You can replace this text by going to "Layout" and then "Page Elements" section. Edit " About "

Diberdayakan oleh Blogger.
.. SELAMAT DATANG DI WEBSITE KELOMPOK KERJA PENYULUH AGAMA ISLAM KOTA YOGYAKARTA TERIMA KASIH ATAS KUNJUNGAN DAN APRESIASINYA.. SEMOGA BERMANFAAT DAN KESUKSESAN SELALU MENYERTAI ANDA..

Minggu, 07 September 2014

Ber-Qurban Sebelum Menjadi Korban

Tiap 10 Zulhijjah, ummat Islam seluruh dunia berkumpul  menjalankan ibadah shalat 'Idul Adha.
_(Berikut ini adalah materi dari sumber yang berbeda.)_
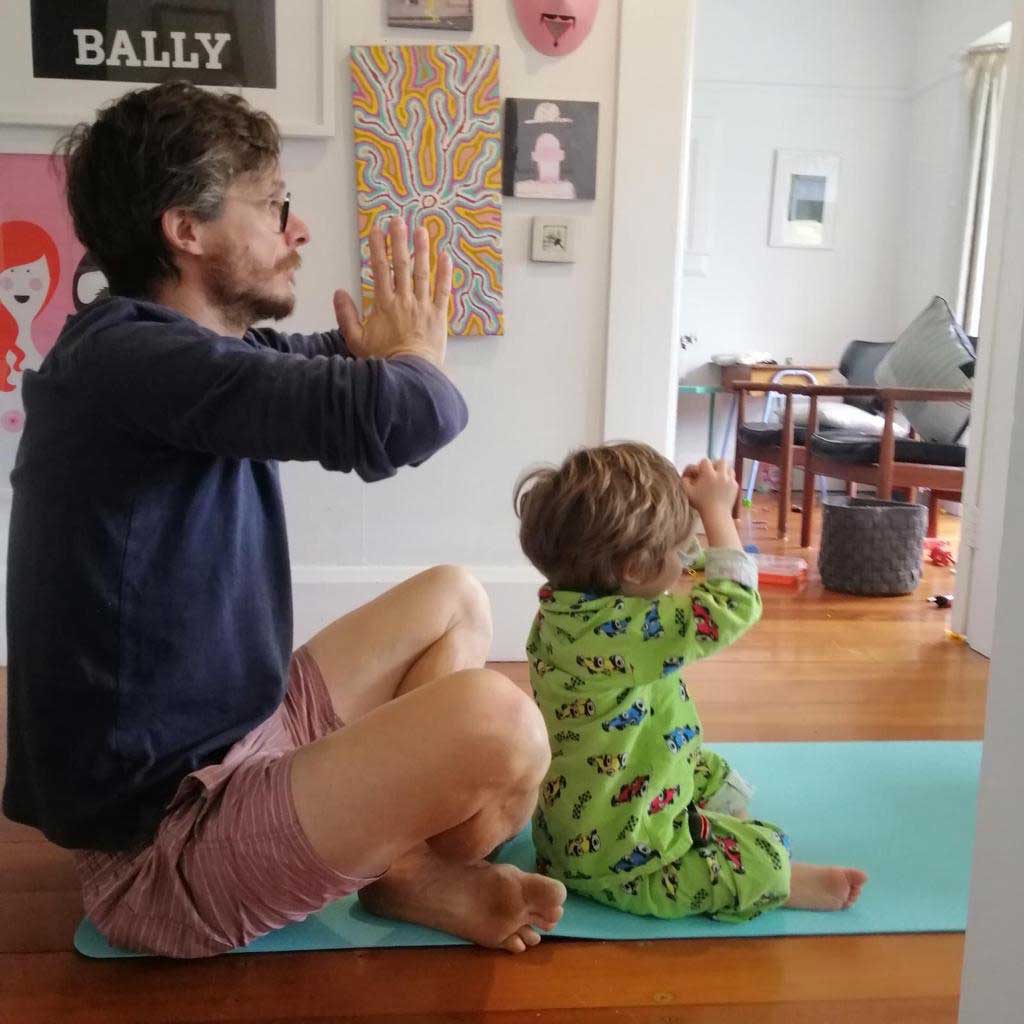 dad with homeschooler in yoga lesson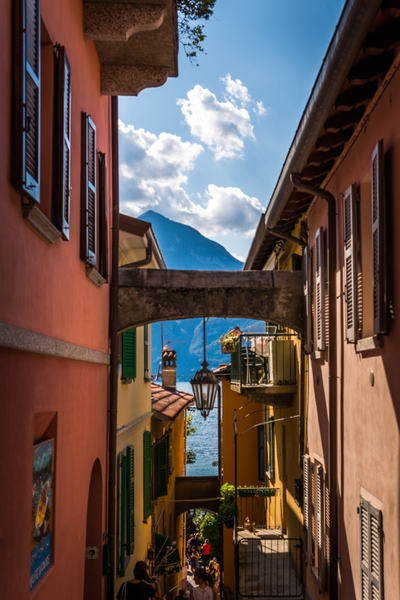 Ruelle étroite entre façades colorées avec arche en pierre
Bersamaan dengan itu pula, kira-kira 2,5 juta umat Islam sedunia sedang menunaikan sebagian dari rukun haji yaitu berkumpul di Arafah melaksanakan wukuf. Kita yang belum berkesempatan memenuhi rukun Islam ke-5 ini dianjurkan menjalankan shalat 'Idul Adha sebagai wujud "partisipasi spiritual"  bagi saudara-saudara kita yang sedang mempertaruhkan hidup-mati di tanah suci.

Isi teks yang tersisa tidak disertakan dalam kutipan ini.